Task goal =>
Give the data again exactly as it appears, excluding any pictures.

Supplied data =>
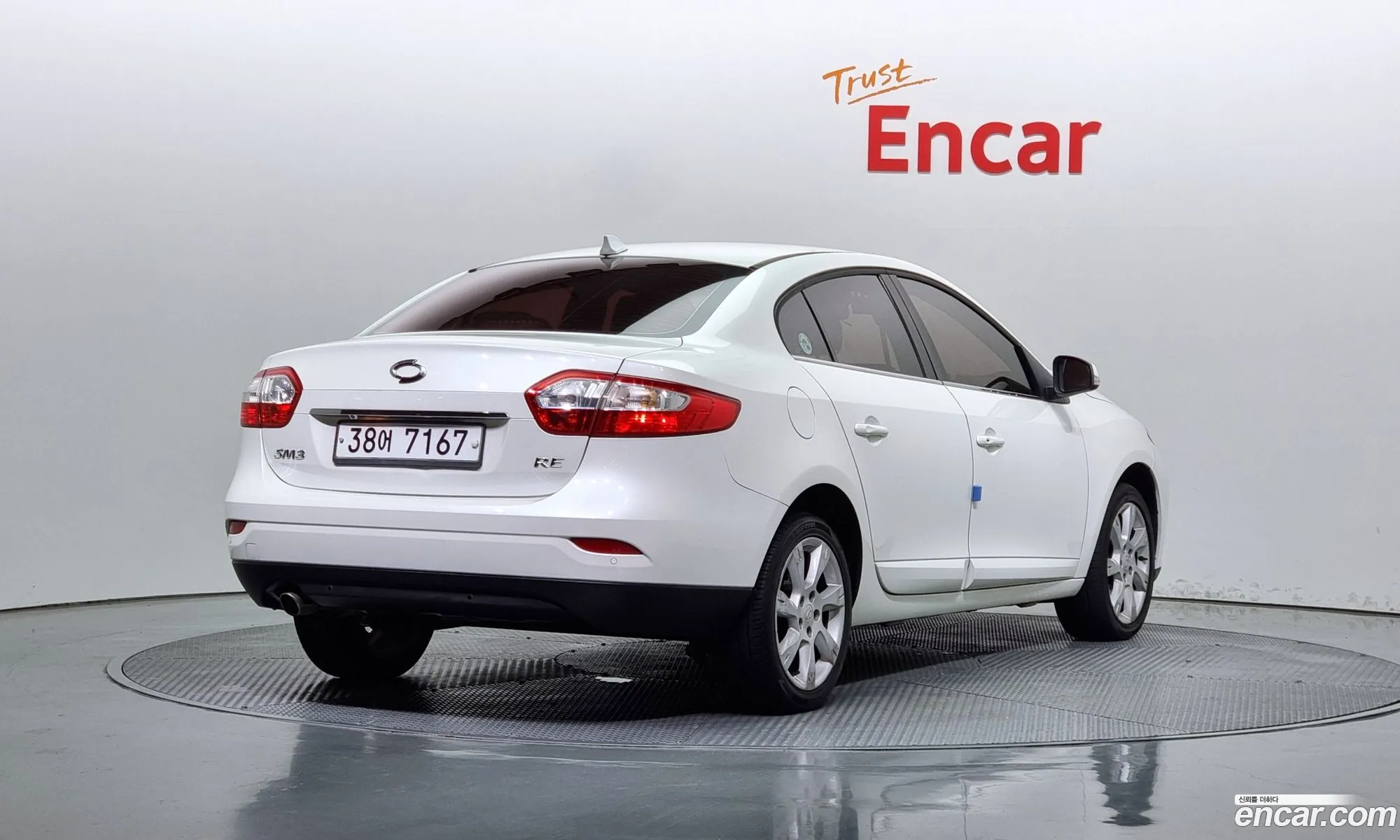 Renault Samsung Sm3 Re 2011 - фотография 4670268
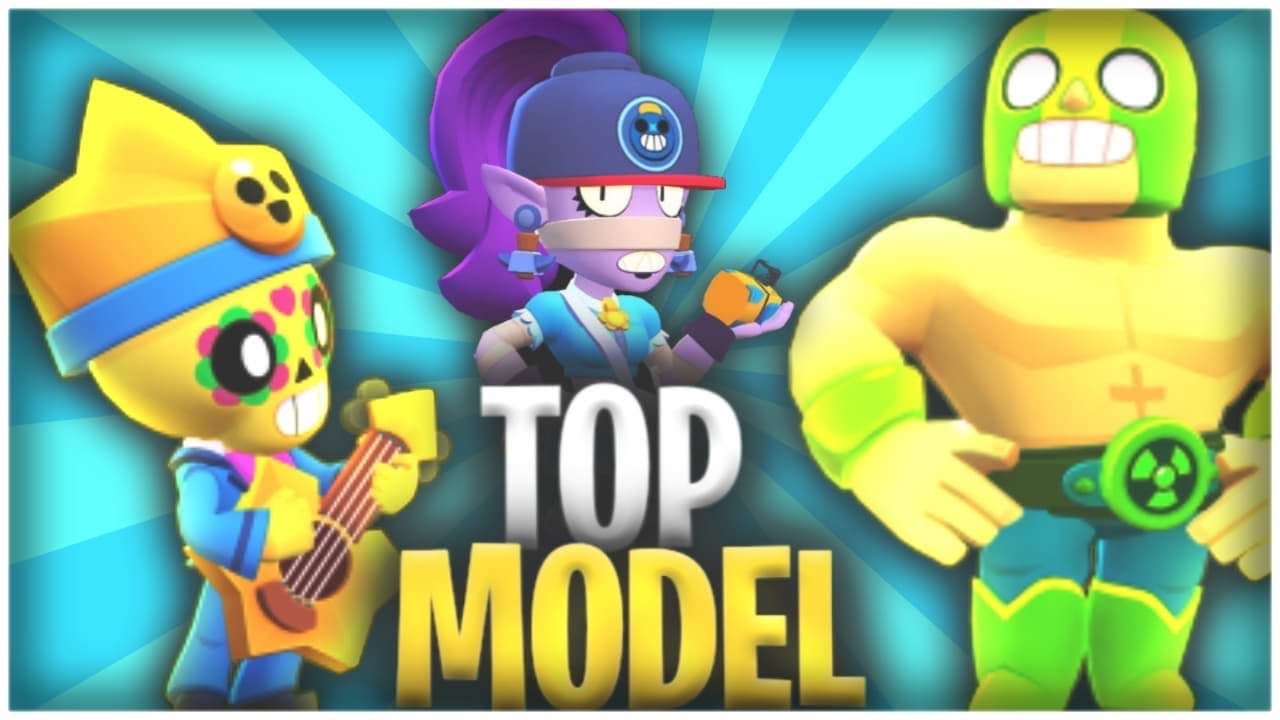 ZROBIŁEM TOP MODEL Z WIDZAMI I MOGLI WYGRAĆ $$$ ! - BRAWL STARS POLSKA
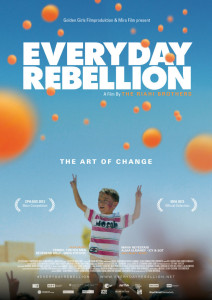 Poster for the movie "Everyday Rebellion"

Task response =>
 Renault Samsung Sm3 Re 2011 - фотография 4670268
 ZROBIŁEM TOP MODEL Z WIDZAMI I MOGLI WYGRAĆ $$$ ! - BRAWL STARS POLSKA
 Poster for the movie "Everyday Rebellion"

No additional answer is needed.